Millions of tons of grain shipments sit idle in Russia; Lithuanian FM calls for shipping corridor to export Ukrainian grain
Ukraine is the setting of Russia’s months-long invasion, but the impacts are being felt far beyond. Key shipments are being blocked, driving up food costs and putting people in danger of going hungry.
Russia lost another high-ranking officer in one of its latest battles in the eastern region of Ukraine. Still, it is pressing ahead in its drive to control the Ukrainian stronghold of Severodonetsk and the areas around it.
Russia’s defense minister, Sergei Shoigu, said, “Ninety-seven percent of the Luhansk region has been liberated.”
He added that forces in the south have finished removing mines from the city of Mariupol, and grain shipments can resume through the Black Sea.
But Ukraine’s President Volodymyr Zelenskyy says the Russians are preventing exports, and up to 25 million tons of grain are sitting idle.
He said, “Our ports are blocked.

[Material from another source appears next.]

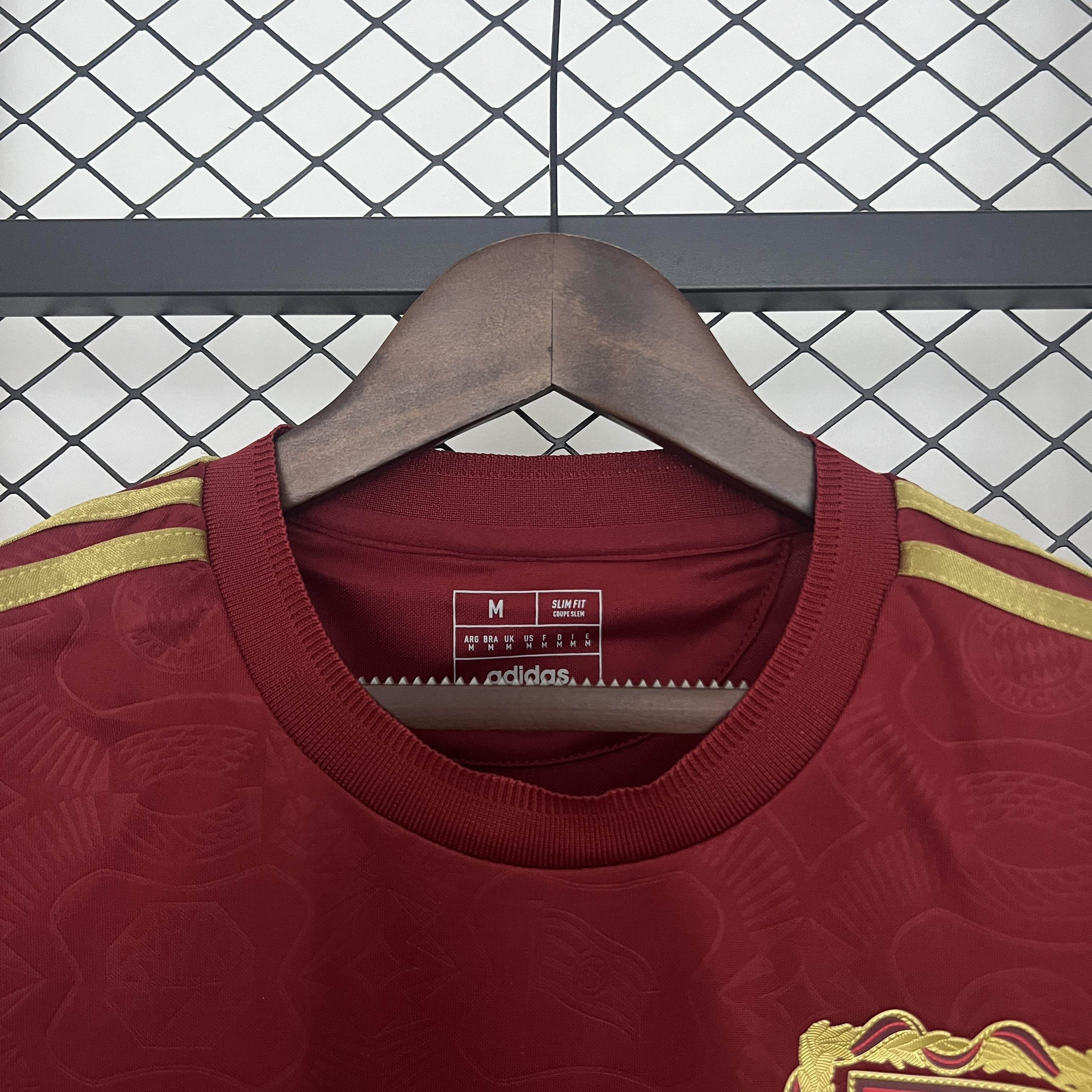 CAMISETA BAYERN MUNICH 125th I 25/26 HOMBRE (VERSIÓN FAN) - ZonaCamisetas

We can’t export grain, barley… our sunflower oil. The Russians have stolen our grain. They stole it and carried it away on ships.”

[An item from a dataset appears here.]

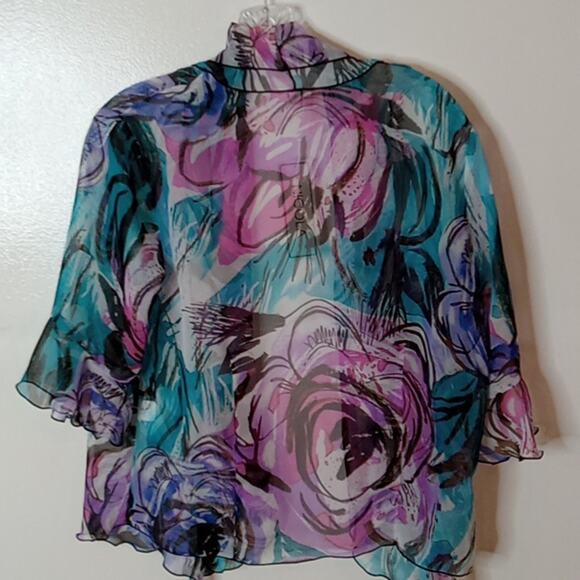 NWT Nicola Art to Wear Shrug. Size Medium. - Picture 4 of 7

The president says shipments from territory seized by the Russians would amount to looting.
Russia’s Foreign Minister Sergey Lavrov has headed to Turkey for discussions with leaders. Food exports are expected to be the main talking point.
Meanwhile, the foreign minister of Lithuania Gabrielius Landsbergis on Tuesday proposed opening a safe shipping corridor on the Black Sea to allow the resumption of grain exports from Ukraine.
He said the invasion of Ukraine has proven that Russia is “an aggressive neighbor ready and willing to use military force to attack its neighbors.”
He also said his country shares a 700-kilometer border with Belarus, whose territory was used by Russian troops to attack Ukraine.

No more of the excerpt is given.